Exercise description:
Please transcribe exactly, and only, the lines of the data below between the line holding "doorway to outside" and the line holding "A female soccer player in a stadium", inclusive.

Brief descriptive captions
☆ ☆ ☆ ☆ ☆ ☆ ☆

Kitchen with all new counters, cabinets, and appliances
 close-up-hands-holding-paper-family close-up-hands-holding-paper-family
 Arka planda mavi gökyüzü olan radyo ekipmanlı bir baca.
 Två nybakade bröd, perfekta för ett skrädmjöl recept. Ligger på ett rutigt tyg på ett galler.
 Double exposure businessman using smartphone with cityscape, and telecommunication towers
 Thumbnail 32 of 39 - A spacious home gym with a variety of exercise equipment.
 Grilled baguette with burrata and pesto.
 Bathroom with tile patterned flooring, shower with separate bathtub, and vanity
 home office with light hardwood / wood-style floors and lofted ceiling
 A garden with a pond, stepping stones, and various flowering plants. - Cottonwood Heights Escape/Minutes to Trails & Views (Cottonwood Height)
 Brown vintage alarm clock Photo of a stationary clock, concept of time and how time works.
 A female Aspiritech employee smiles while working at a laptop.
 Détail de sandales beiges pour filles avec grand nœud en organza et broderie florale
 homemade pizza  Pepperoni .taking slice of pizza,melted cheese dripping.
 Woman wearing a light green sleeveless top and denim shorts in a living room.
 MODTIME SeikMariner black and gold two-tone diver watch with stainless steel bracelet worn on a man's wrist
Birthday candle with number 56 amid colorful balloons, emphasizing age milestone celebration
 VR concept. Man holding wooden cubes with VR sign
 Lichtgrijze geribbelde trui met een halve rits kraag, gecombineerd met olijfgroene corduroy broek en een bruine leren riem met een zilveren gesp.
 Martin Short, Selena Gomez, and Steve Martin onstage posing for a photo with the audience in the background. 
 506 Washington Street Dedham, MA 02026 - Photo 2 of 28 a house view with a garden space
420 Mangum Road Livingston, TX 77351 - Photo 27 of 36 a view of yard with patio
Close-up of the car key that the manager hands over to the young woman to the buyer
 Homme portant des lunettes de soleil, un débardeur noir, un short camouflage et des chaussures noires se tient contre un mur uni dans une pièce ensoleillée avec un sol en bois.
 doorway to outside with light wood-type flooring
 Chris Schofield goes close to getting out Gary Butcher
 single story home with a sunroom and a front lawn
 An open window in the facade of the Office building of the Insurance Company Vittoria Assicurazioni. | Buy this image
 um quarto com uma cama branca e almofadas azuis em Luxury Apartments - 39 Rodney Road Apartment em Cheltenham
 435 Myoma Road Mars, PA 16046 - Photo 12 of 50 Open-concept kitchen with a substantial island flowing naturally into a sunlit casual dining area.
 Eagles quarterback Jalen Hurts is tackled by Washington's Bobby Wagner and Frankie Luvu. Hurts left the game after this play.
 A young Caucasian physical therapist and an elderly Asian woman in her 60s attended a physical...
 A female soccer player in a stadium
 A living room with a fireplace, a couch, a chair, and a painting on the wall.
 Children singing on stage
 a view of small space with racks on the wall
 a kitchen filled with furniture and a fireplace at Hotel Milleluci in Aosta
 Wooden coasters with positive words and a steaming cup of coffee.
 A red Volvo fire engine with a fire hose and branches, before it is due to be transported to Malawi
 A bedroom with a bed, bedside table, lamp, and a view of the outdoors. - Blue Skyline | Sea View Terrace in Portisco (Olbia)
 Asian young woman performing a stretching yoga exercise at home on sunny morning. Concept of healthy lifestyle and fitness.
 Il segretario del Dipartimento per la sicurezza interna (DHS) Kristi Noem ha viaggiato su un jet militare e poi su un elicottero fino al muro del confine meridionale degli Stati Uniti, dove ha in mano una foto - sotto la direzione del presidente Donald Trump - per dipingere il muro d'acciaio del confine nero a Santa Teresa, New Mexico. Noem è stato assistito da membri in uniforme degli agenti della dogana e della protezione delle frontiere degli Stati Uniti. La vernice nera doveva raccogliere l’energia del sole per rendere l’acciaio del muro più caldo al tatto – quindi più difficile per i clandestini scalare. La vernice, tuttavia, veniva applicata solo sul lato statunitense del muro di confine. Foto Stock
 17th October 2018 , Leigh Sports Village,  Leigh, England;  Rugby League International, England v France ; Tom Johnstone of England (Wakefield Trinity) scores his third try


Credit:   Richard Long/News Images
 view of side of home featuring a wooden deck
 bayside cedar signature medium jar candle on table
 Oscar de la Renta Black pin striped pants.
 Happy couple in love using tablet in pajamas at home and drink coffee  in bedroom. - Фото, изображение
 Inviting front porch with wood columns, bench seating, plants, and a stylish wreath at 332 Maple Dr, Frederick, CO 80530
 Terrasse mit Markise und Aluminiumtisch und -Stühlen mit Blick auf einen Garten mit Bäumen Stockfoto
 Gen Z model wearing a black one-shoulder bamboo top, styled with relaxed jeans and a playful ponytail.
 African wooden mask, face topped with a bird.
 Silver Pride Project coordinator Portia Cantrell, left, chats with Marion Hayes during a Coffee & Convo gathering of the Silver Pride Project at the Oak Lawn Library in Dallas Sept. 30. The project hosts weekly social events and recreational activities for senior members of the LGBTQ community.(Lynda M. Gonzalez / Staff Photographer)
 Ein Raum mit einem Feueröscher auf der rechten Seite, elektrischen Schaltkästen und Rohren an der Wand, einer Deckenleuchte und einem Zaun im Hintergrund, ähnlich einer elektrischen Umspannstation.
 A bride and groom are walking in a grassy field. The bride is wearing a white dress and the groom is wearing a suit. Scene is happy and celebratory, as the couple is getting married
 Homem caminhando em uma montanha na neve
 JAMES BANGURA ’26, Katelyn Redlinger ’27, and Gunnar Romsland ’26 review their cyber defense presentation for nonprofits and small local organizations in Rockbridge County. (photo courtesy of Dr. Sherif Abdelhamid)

☆ ☆ ☆ ☆ ☆ ☆ ☆

Answer box:
 doorway to outside with light wood-type flooring
 Chris Schofield goes close to getting out Gary Butcher
 single story home with a sunroom and a front lawn
 An open window in the facade of the Office building of the Insurance Company Vittoria Assicurazioni. | Buy this image
 um quarto com uma cama branca e almofadas azuis em Luxury Apartments - 39 Rodney Road Apartment em Cheltenham
 435 Myoma Road Mars, PA 16046 - Photo 12 of 50 Open-concept kitchen with a substantial island flowing naturally into a sunlit casual dining area.
 Eagles quarterback Jalen Hurts is tackled by Washington's Bobby Wagner and Frankie Luvu. Hurts left the game after this play.
 A young Caucasian physical therapist and an elderly Asian woman in her 60s attended a physical...
 A female soccer player in a stadium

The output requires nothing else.